Diese besagten Schulkinder hänselten Kurt in den kommenden Wochen oft. Sie schienen die Veränderung in ihm zu spüren und sie gefiel ihnen überhaupt nicht – sie hatten insgeheim Angst vor Kurt oder verabscheuten ihn ... oder sie machten ihn einfach so aus Spaß nieder. Menschen haben seltsamerweise immer Angst vor Veränderung. Wobei Kurt dann meistens keine andere Wahl hatte, als vor den Schlägern wegzulaufen, was ihm klarerweise enormen Respekt unter seinen Schulkollegen einbrachte (ungefähr soviel wie dem Klassenstreber mit einer 10-Dioptrien Hornbrille, exzessiv durch gefetteten Haaren im Seitenscheitel-Look und orthopädischen Korrekturschuhen).

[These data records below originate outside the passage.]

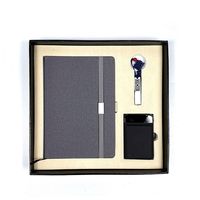 Logo d'entreprise Papeterie Personnalisée Luxe Cuir Pu Cahier Cadeau Ensemble Cadeaux Promotionnels Articles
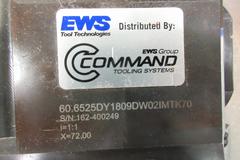 EWS Command Right-Angle Double ER25 Collet Live Milling Head for Samsung CNC Turning Center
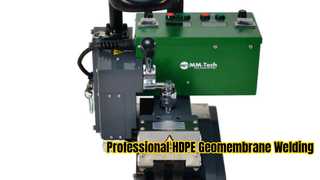 Saldatrice per geomembrana MM-Tech Saldatura HDPE ad alta velocità
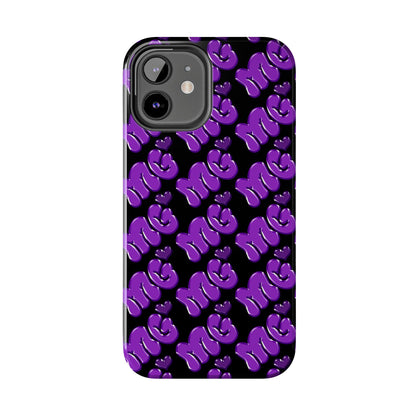 MISS GORL™ Monogram Phone Case – Purple on Black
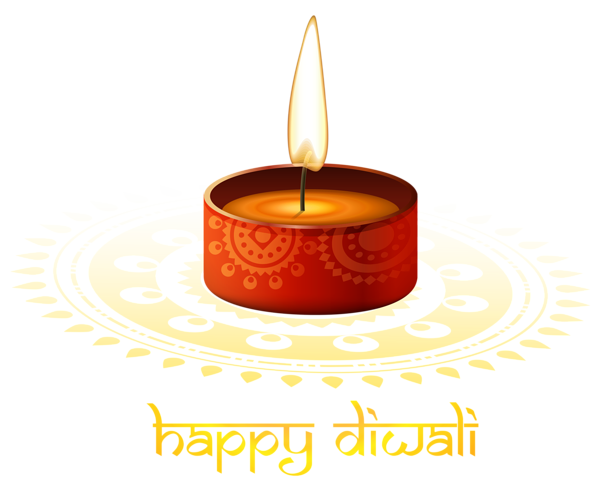 This png image - Red Candle Happy Diwali PNG Image, is available for free download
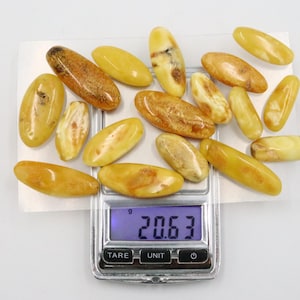 Baltic Amber Stones | Genuine Raw Amber Pieces | Can be used as DECORATION or for Amber Jewelry making | Natural Baltic Amber Gemstones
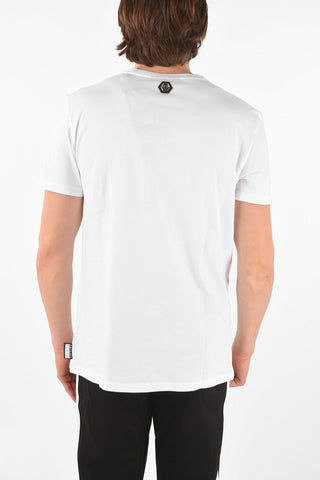HOMME EST.1978 Crew Neck SKULL T-Shirt with rhinestone embellishment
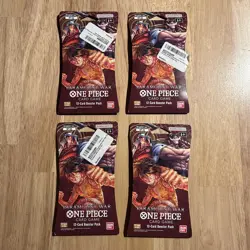 4 Packs One Piece TCG OP 02 Paramount War Sleeved Booster Pack Sealed English - Image 1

Er war ein Kind, dass die Bosheit und die Frustration anderer Menschen zwar wahrnahm, aber nie verstand - und schon gar nicht hinterfragte. Möglicherweise war er dafür zu dumm, zumindest aber zu pragmatisch. Er dachte nicht darüber nach, dass es einen Grund dafür geben könnte, und schon gar nicht, was dieser Grund sein konnte. Er glaubte, dass alles gerecht abliefe und jedem außer ihm selbst sowieso alles geschenkt würde, so naiv wie er noch war. Das machte ihn neidisch. Aber er wusste nicht, was er dagegen machen sollte.
Andererseits war Kurt ein Kind, das ein sehr gutes Gespür für die Gedanken und Gefühle anderer hatte. Vielleicht wäre er ein brillanter Psychologe geworden, sogar ein neuer Sigmund Freud, wenn er nur die Chance dazu gehabt hätte; die Zeit, das Geld und den Willen zur Ausbildung. Aber wir wollen nicht abschweifen...
Kurt erfuhr mittlerweile täglich Geringschätzung, Herablassung und Erniedrigung. Seine Mitschüler jagten und verhauten ihn, seine Eltern hatten nichts als Nörgeleien für ihn übrig, seine Lehrer beschwerten sich über seine Noten, die sich dramatisch verschlechterten. Es ging ihm offensichtlich rundum gut!
Natürlich ging dies alles ganz und gar nicht spurlos an Kurt vorbei. Aber wie wohl jedes andere Kind in seinem Alter und seiner Situation dies getan hätte, verdrängte er es. Alles.
Nun, naja, fast alles.
Er war der typische genetisch und psychologisch vorprogrammierte Verlierer, der sich schon so an eine tägliche Abfolge von Enttäuschungen gewöhnt hatte, dass er in seiner infantilen Naivität ein Spiel daraus machte, wie viel Bevormundungen und Zurechtweisungen und Entwürdigungen er am Tag aushalten konnte, bis er kurz vor den Tränen war.
Er war in diesem Spiel der ungeschlagene Champion gewesen. Aber er bekam leider nie eine Medaille...
4
Dann gab es da noch Kurts Bruder Paul, der ein Jahr jünger als er war.
Paul war interessanterweise größer gewachsen und muskulöser als der schlaksige, kleinwüchsige Kurt und musste seinen großen Bruder jedes Mal vor den nimmermüden Schulverfolgern und darauf folgenden Abschürfungen und Knochenbrüchen retten. Seltsam, nicht? Tja, dies wiederum ließ Kurt noch lächerlicher erscheinen und ihn zur absoluten Witzfigur der Schule und des Viertels, in dem sie wohnten, avancieren.
Alle diese heldenhaften Rettungsaktionen waren jedoch in Wahrheit nur Teil von Pauls eigenem, sadistischen Teufelskreis, den dieser um Kurt spann. Nicht nur, dass Kurt sich wehrlos verprügeln ließ, er ließ sich von seinem jüngeren Bruder retten, der stärker als er selbst war. Das war wirklich der Brüller in seiner ganzen Klasse gewesen.
Paul war abgrundtief bösartig, obwohl niemand einen Grund für seinen Hass heraus gefunden hätte.
Die ganze Sache wurde wohl durch die Tatsache noch skurriler und komischer, dass Paul seinen großen Bruder absichtlich - also genau aus diesem Grund, dass alle Kurt nur noch mehr verachten würden – rettete. Nicht, weil er sein Bruder war, sondern weil sie ihn verachten sollten. Weil Kurt ein Würstchen war, ein Verlierer. Weil jeder ihn verachten sollte. Verdammt noch mal alle.
Paul war wirklich ein kleiner Teufel.